The Heavenly Potter (p.66)
A famous writer once said, “The only person who really knows me is my tailor. When I go to get a new suit, he takes my measurements anew each time. Maybe I changed since I was there last.” Indeed this prayer, As clay in the hands of the potter, teaches us that we can always take our own spiritual measurements and reshape parts of our character that need adjustment. We shall see how.
Why Must We Beat Our Heart Over and Over Again? (pp. 71-76)
During the confessional prayer of Yom Kippur the custom is we beat our heart over and over again with our right fist, while confessing our sins. But why do we beat our heart like this? Is it self-punishment? Is it an attempt to keep ourselves awake through a long day, similar to the act of slapping one’s own face? Or is there something deeper going on? An Israeli expert on leadership, a rebellious Jew, and a Chassidic Master join to give us a profoundly relevant answer.
It Is Not Enough to Repent(pp. 73-76)
I ran across a cartoon showing a parishioner talking to his priest in a confession box. The caption read: “Well, that’s enough about me, Father. What have you been up to lately?” Ten times during the Yom Kippur service, the Viddui or confession of sins is recited. But why is it necessary to confess verbally? Is it just lip service or is it meant to be a deeper experience? A husband and wife who fought for fifty years give us humorous insight into this query but the deep answer comes from the Rebbe's talk on teshuvah and the power of verbal confession.
Let the Air Out (pp.164-167)
This poem “Imru Lelokim” composed of phrases from all parts of the Torah acclaims the majesty and awesome power of G-d. A story about an 18 wheeler that was making its way through Los Angeles helps us move through this prayer smoothly. It will also illustrate how we can avoid many gridlocks in our relationships.
Yom Kippur: A Day Like Purim (p. 174)
Gustav Mahler was one of the most talented composers of the late 19th Century. He was Jewish but had converted to Christianity so that he could be appointed conductor of the Vienna Opera. But in the end his escape from his Jewishness did not work. We will find out why and how this throws new light on the remarkably enigmatic statement in the Zohar, that Yom Ha-Kippurim is, “K-Purim” - “a day like Purim.”
Donald Trump Moment (p. 176)
Often we say we forgive but inside we nurture a grudge, and actually do not let go completely of our psychological wound. The Talmud, however, offers us a teaching that can help us obliterate our old resentments. In a strange way, this teaching is connected to Donald Trump’s most famous phrase.
Judge Your Actions, Not Motives (p. 181)
A simple line that could heal many wounds and profoundly enhance the quality of all our relationships can be found in this prayer: “For the sin which we have committed against You by the way we talk.” We will see how this can improve our relationships by focusing on another question: When we discover we have hurt someone’s feelings, what is our first reaction? Do we attempt to assuage our guilt, and wriggle out of an apology?

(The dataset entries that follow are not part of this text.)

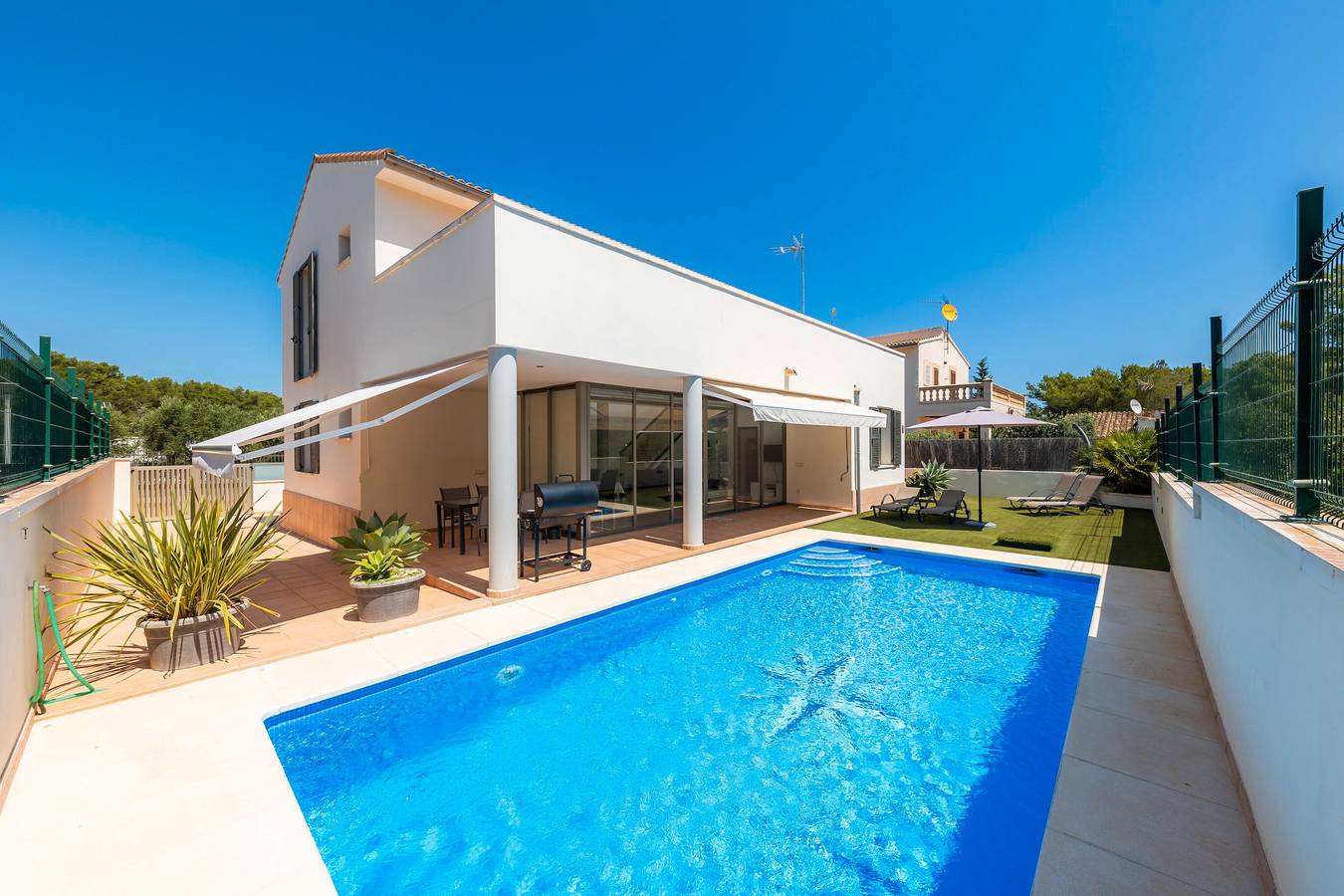 Casa Vacacional 'Enjoy Villa Mexic' con Piscina Privada, Terraza y Wi-Fi in Playa Son Serra de Marina, Santa Margalida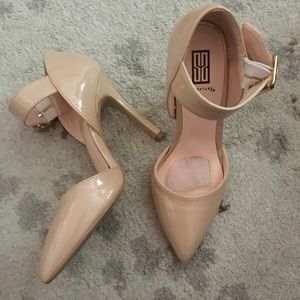 Ankle strap nude pumps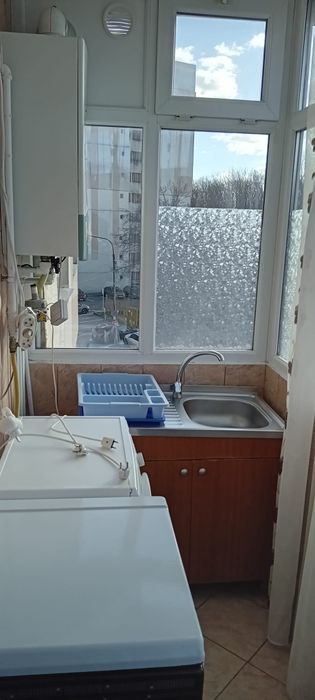 Închiriez apartament 2 camere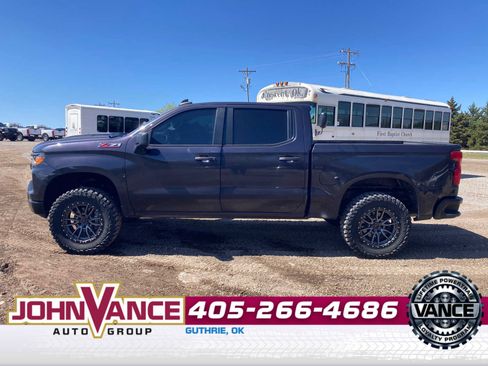 Used 2024 Chevrolet Silverado 1500 Custom Trail Boss image 2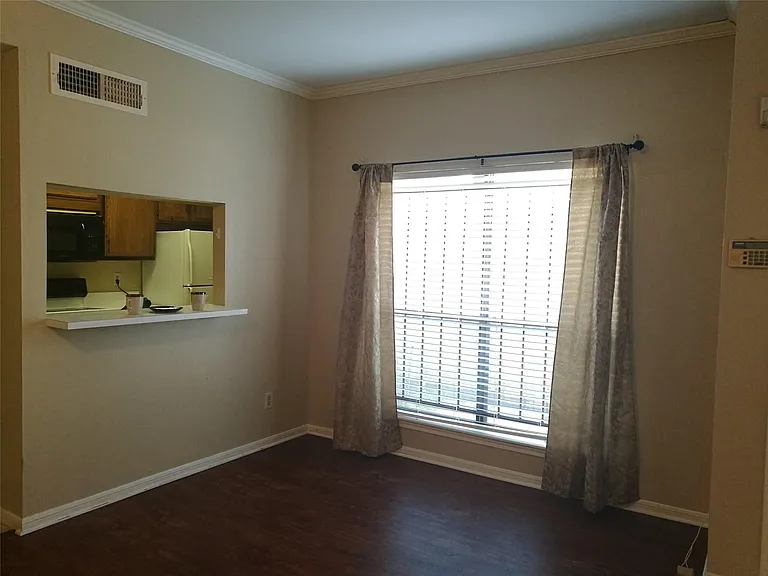 8299 Cambridge St #403 — Photo 3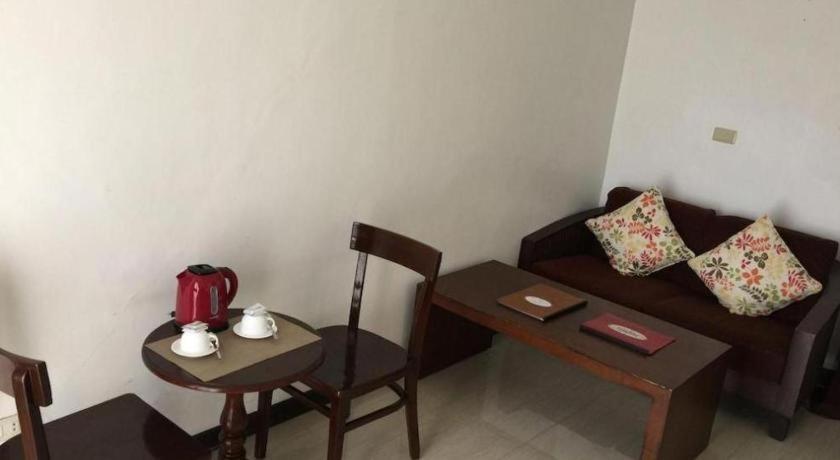 Soledad Suites Panglao Bagian luar foto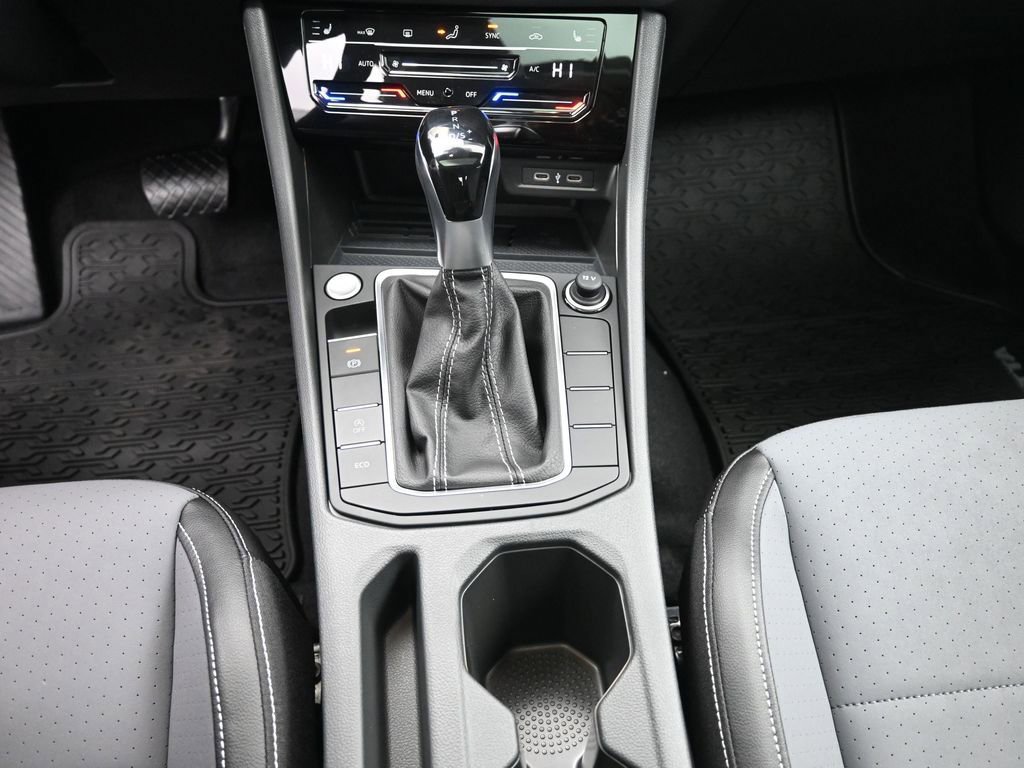 New 2026 Volkswagen Jetta SE FWD image 13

Three Rs of Repentance (p.238)
Maimonides says there are three key elements in teshuvah. We can call them the “Three Rs” of repentance. The first is Remorse: The person must feel sincere remorse for his sin. The second step is Rejection: To stop doing the wrong deed. The third is Resolve: a strong determination never to commit the sin again. Only when all three dimensions are in place will the full process of repentance occur. These three points are beautifully illustrated with a fascinating story that occurred during the Civil War, with President Lincoln.
Thirteen Attributes of G-d’s Mercy (p.365)
“G-d, G-d, merciful and gracious ” These words are at the heart of our prayers on Yom Kippur. Indeed, we recite them thirteen times during the climactic Neilah service. The Talmud asks why it is necessary to repeat G-d’s name? The Talmud’s answer is illuminated by a moving story of a courageous Jewish girl in Azerbaijan. This story and prayer reminds us: We must never despair of any one, at any time. The doors of teshuvah are always open. No matter how thoroughly one seems to have alienated himself from that divine investment in his own being, we must always have confidence in the sudden, miraculous rekindling of that ember of Jewishness within him. We must never concede the loss of any Jew from Judaism, how much more so if that Jew is us!